PettsWoodParadise · 12/11/2015 22:27

Scenario: DD has passed 11+ and wants to go to our closest school the 'excellent' superselective. But there are MAJOR buts. It has major debts, the fabric of the building is crap, the teachers are reportedly OK but some are not. Nearly all the girls do well but general consensus is that the only reason they do so is they are surrounded by like-minded girls who were selected based on ability. Pastoral issues are major at this school but are clearly being addressed with firm decisions by the acting Head. No headteacher at present and only likely to know who it is when DD possibly starts in Sept. last OFSTED in 2014 was outstanding but my gut says if they were inspected tomorrow they would be failing. The Governors used to meet every six weeks, last year they met four times and so far this year they haven't met which all yells 'problem' to me. Just prior to hitting 'send' on the CAF form I was out voted in family meeting by DH and DD (grrr) on sending DD to a grammar that is IMO is better (but not superselective) in the next borough - the argument being transport times. We are not in catchment for a great local comp as otherwise would have jumped at that.

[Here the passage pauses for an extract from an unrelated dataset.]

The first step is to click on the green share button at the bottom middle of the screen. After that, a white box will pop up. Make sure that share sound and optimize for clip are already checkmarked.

Now before DD passed the state 11+ we were also looking at independents. Only one caught her imagination and she is due to sit the test in early Jan. However now that she knows she is pretty certain to get to this particular local school, the school a fifteen minute train journey away (forty minute door to door journey away) is no longer attractive. We only qualify for a modest bursary, but not insignificant for this school. I also think it is a better fit for DD as it does the IB and lots of other reasons like resources, languages, subject choices, teaching quality, grounds etc etc. DD wants to sit the test only as I want her to. Before pressure from DH she really wanted this school but DH likes being a SAHD (I work full time) and part of the deal was that if she wanted this school then DH would have to get a job once she was at senior school to help pay for the fees. He has had time during the day to extol the virtues of being close to home. Poor DD is caught in the middle trying to please us both. We used to be a united front and didn't do this sort of thing, but long story - I am fed up of always giving in and picking up the pieces when they go wrong (no this isn't turning into a marriage issues thread, that is another story...).

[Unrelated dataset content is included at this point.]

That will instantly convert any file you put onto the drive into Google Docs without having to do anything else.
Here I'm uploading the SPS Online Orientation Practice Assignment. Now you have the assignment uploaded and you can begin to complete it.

Do I just swallow that I was outvoted and that the convenience outweighs all my major screaming concerns and instinct? Do I keep the door open and encourage DD to sit a test for school she is only now wanting to sit because she wants to please me? DD is happy, don't get the impression she is some mixed up child, but I want to keep it that way!

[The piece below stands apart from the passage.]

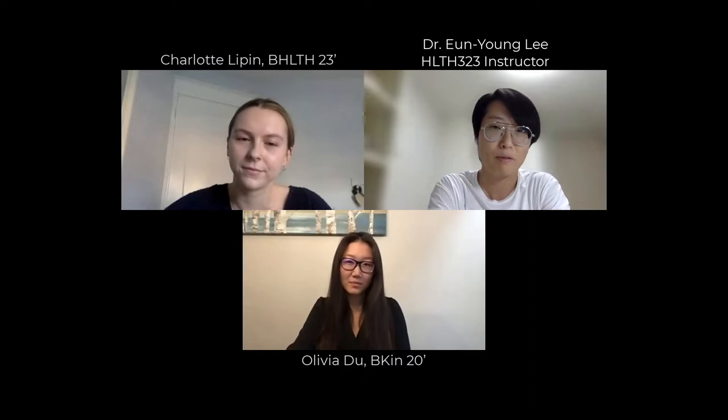Hello, everyone. Today, the topic we have is bias and confounding in epidemiological research. I have two very special guests for today. Welcome to the interview, Olivia and Charlotte. Thanks so much for coming in. Please tell us who you are and why you're here.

Sorry for the long essay. Just wanting to get some perspective. Thank you.

OP posts:
ealingwestmum · 13/11/2015 07:17

I can only give you my experience of Y7 so far, and would say that to some children, a journey of 40 mins is no issue at all, and for others, presents a challenge. Then factor in the bags on top of the school bag, which in our case can sometimes be 4 on a given day. It's a longer day, and depending on your DD's uptake of extra curr. stuff, adds to the commute.

However, I would also struggle to ignore my gut instincts about a school. Your grammar may come right (hopefully will) with the interim recognising what needs to change, and new leadership coming in. I would keep options open, explain to DD that you will support her choice, but a contingency is worth having in light of the challenges the grammar is facing. Even if you didn't accept the place if given, and things did not improve with the grammar, sitting the entrance exams would give you a better chance of getting a place later (e.g. Y8 if there was space).

The 7 years fees are a big consideration vs none, even with a bursary, and no point in taking your family down, if there is resentment to pay them because the changes in lifestyle needed.

Good luck with your decision!

PettsWoodParadise · 13/11/2015 08:26

Thanks Ealingwestmum. DH is adamant that sitting another exam is a waste of time as the 'decision has been made'. Your argument that it could be a back-up if things do not work out at the grammar is lovely but suspect the bursary option would only come at the outset and not if we rejected them and then went running back a year later asking for a place. It is also highly oversubscribed. I might see if we can look round the school again, it might help DD realise what she could have and give her a reason to sit the test rather than just wanting to as she knows it is what I want.

OP posts:
senua · 13/11/2015 08:42

Do you have other DC to consider?

I'm surprised that the superselective is failing as badly as you say. The parents at such schools don't usually let the grass grow under their feet - they are usually in there doing fundraisers etc.

If DH is so keen on the school but you have concerns why don't you compromise by suggesting that he applies to be a parent Governor to help turn it round.

ealingwestmum · 13/11/2015 08:49

I agree the bursary element would not be forthcoming later if declined originally. But there is movement in later years for all kinds of reasons that is made easier when a school has academic results to draw upon, but on a full fee basis more likely.

As the grammar is also your DD's preferred school, she will probably make it work, irrespective of the current school's challenges. That's a real positive.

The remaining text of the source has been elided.